The Bantayog ng mga Bayani (Monument of Heroes) Foundation – which aims to preserve not only “the horrors of martial law under the Marcos dictatorship but also … the bravery, courage, sacrifices, and the lives of those who fought for freedom,” according to executive director May Rodriguez – also started digitizing its collection earlier this year.
However, as both amateur historians and major cultural institutions have learned, making archival materials available online is not enough to combat misinformation.
“We haven’t even scratched the surface”
Mrs. Burgos says saving history from distortion “is the job of honest people,” and that new initiatives aimed at defending truth “give us – the older people who live through martial law – encouragement and hope that the dark days will never be forgotten.”
“However, as a nation of democracy defenders, we haven’t even scratched the surface,” she adds. “We only reach progressive thinkers and those who understand the importance of history.”
She donated copies of every issue of WE Forum and the Burgos’ other major publication, Pahayagang Malaya (Free Newspaper), to the Ateneo Library in Quezon City, but it hasn’t made a huge difference, she says.
“People do not know how to access them or they don’t know that a digital copy exists,” she says.
Veteran journalist Inday Espina-Varona agrees. Archival work is “not enough if the truth will just sit” in a huge library or online database, she says.
“We must learn to make truth our weapon,” says Mrs. Espina-Varona, who was the former head of the National Union of Journalists of the Philippines and has been a victim of vilification and misinformation online. “We must learn to get it, use it, and translate it into action.”
Bringing the past to the people
The Monument of Heroes Foundation is trying to do just that. While their digital archiving project is underway, Ms. Rodriguez says “our main weapon against historical distortion is the museum.”

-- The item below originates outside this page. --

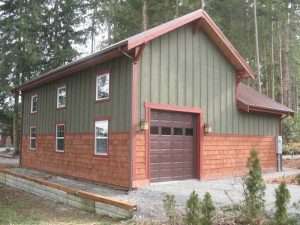 Garage built by Spane Buildings in Maple Valley WA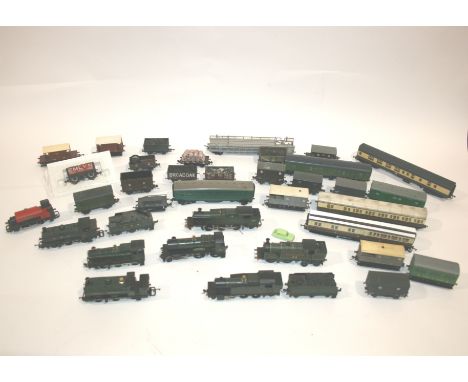 LOCOMOTIVES, ROLLING STOCK & KITS a collection of unboxed locomotives and 2 tenders, including Hornby, Lima, Mainline, Airfix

The foundation is experimenting with new ways of getting people to visit their site, which includes a Wall of Remembrance featuring the names of 320 martial law martyrs. They recently organized a series of activities to bring people to the museum, including a clean-up drive that involved youth and environmental organizations.
Mr. Gealogo, the historian from Ateneo de Manila University and a former commissioner of the National Historical Commission of the Philippines, in August led the relaunch of Tanggol Kasaysayan (Defend History), a group first established in 2016 with the goal of helping history professors and teachers combat misinformation about the Marcos family. In this new phase, Mr. Gealogo hopes to broaden the group’s reach, to rally “not only those who teach history,” but “people in all sectors who want to defend democracy and the truth.”
They’ve started forming local chapters, tasked with promoting discussions on Philippine history in schools, communities, and workplaces. In October, Tanggol Kasaysayan released a book titled “Martial Law @50: Memory and History of Refusal.” It offers a collection of extensively researched essays to aid the public in learning about one of the darkest periods in Philippine history.
While protecting and promoting existing records of martial law is critical, Mr. Gealogo also calls on survivors or any Filipino with insight into this period to create new knowledge by recording their stories.
“We must do everything to fight any attempt to erase history,” he says.